Aus dem kurzen Flirt für einen heißen EM-Sommer wird endgültig eine intensive Fußball-Liebe. Pünktlich zur großen Party zum 125. Geburtstag hat Julian Nagelsmann mit seiner Vertragsverlängerung dem Deutschen Fußball-Bund ein riesiges Geschenk gemacht. Der Bundestrainer bleibt über die WM 2026 im Amt. Er will bei der folgenden EM 2028 einen zusätzlichen Titelanlauf mit der deutschen Nationalmannschaft starten.
„Ich hätte mir im September 2023, als ich zum DFB gekommen bin, nicht vorstellen können, über die Heim-EM hinaus Bundestrainer zu sein. Unser großes Ziel war ein erfolgreiches Turnier“, erinnerte der 37-Jährige an die Abtastphase vor knapp eineinhalb Jahren. In gut 16 Monaten ist aus dem Testlauf aber eine gegenseitige Leidenschaft erwachsen.

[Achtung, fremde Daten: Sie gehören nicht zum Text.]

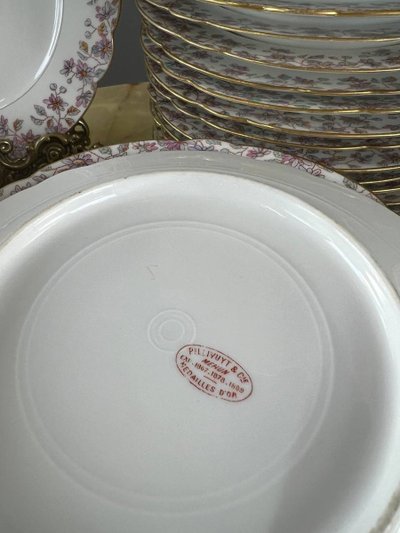 Service En Porcelaine De Pillivuyt & Cie 59 Pièces, XIXe Siècle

„Ich habe mir damals aber auch nicht vorstellen können, was die Nationalmannschaft den Menschen in Deutschland bedeutet. Wie viele Herzen sie erreicht und bewegt. Dieses großartige Feedback, das wir alle, nicht nur ich, jeden Tag bekommen, zeigt uns, dass unser gemeinsamer Weg richtig ist“, sagte Nagelsmann.

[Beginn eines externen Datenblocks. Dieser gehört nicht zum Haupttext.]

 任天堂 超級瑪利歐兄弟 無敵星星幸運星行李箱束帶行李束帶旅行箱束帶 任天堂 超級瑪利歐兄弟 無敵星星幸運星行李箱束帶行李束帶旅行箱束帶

An den Zielsetzungen mit dem großen Hunger nach Trophäen ließ der einstige Bayern-, Leipzig- und Hoffenheim-Coach keine Zweifel aufkommen. Der Weg sei noch nicht zu Ende. „Wir haben alle zusammen - Fans, Mannschaft und Trainerteam - etwas geschaffen, das wir jetzt erfolgreich weiterentwickeln wollen. Wir wollen zusammen Titel gewinnen“, kündigte Nagelsmann an.
Bestmöglich: 2026 vor den Toren von New York den WM-Pokal und 2028 im Fußball-Mekka Wembley den EM-Pott in den Händen halten. Nagelsmann liebt hohe Messlatten. Ob Assistent Sandro Wagner an seiner Seite bleibt, ist derweil noch unsicher. Der einstige Nationalstürmer wird immer wieder bei Bundesliga-Clubs als Chefcoach gehandelt und hat sich bislang nur bis 2026 gebunden.

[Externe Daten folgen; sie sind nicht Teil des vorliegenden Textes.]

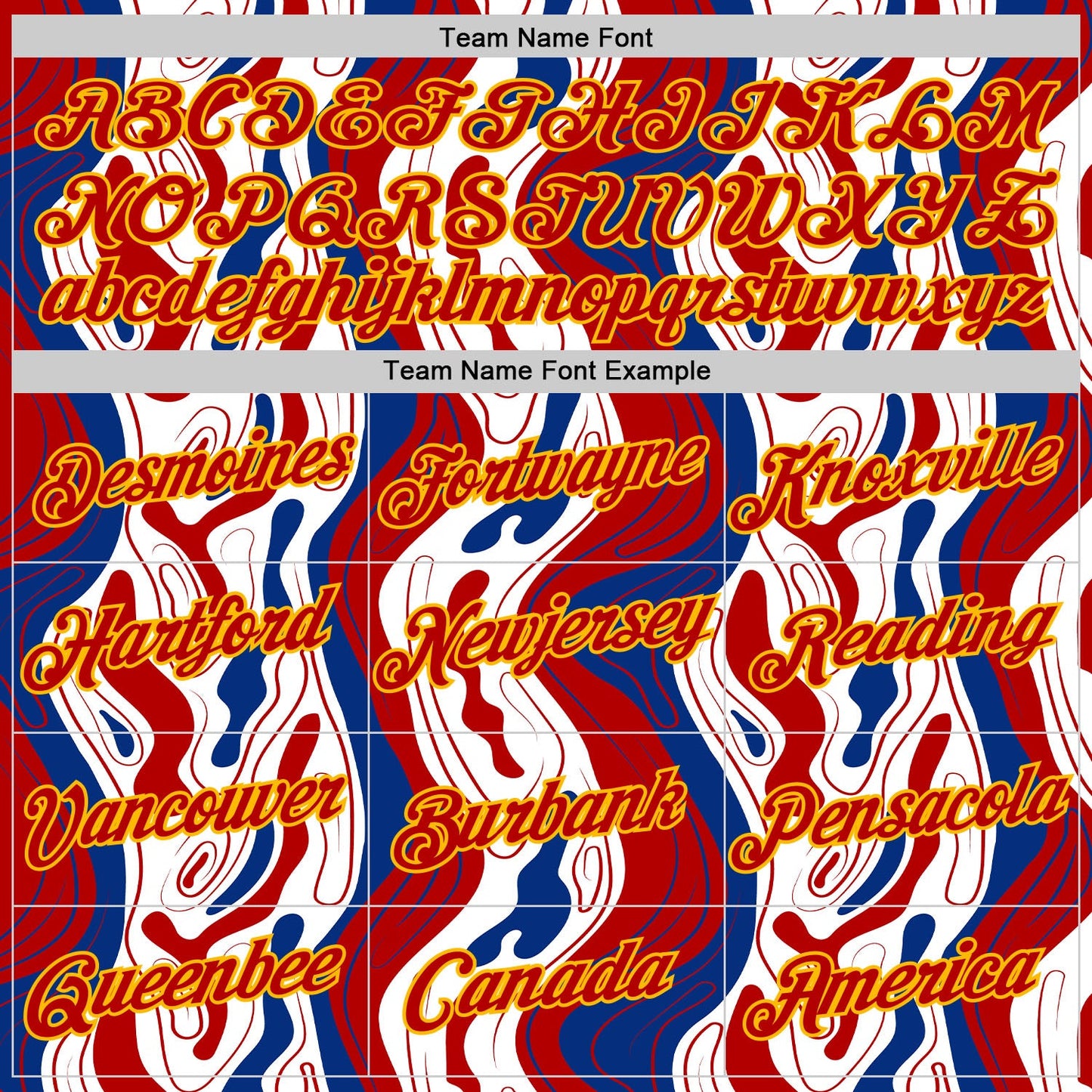 Custom Royal Red Gold-White France Fluid Performance T-Shirt view 3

Ein besseres Timing hätte es für den DFB und seinen Präsidenten Bernd Neuendorf jedenfalls nicht geben können. Am Freitag, wenige Stunden nach der Verkündung, empfing der Verbandsboss in der Kongresshalle am Zoo in Leipzig die große nationale und internationale Fußball-Prominenz zum Festakt anlässlich des 125. Verbands-Geburtstages.
FIFA-Boss Gianni Infantino, UEFA-Chef Aleksandar Ceferin, Ehrenspielführer wie Lothar Matthäus, Jürgen Klinsmann oder Philipp Lahm - alle können eines sehen: Der DFB kann nach Jahren der Krise mit und auch dank Nagelsmann und dessen Arbeit mit dem Nationalteam wieder für positive Schlagzeilen sorgen.
„Die Vertragsverlängerung von Julian Nagelsmann ist gerade angesichts unseres 125-jährigen Verbandsjubiläums ein ganz bedeutendes Signal. Es belegt, dass wir uns nicht auf den Erfolgen der Vergangenheit ausruhen, sondern vielmehr an neuen arbeiten“, äußerte DFB-Präsident Neuendorf.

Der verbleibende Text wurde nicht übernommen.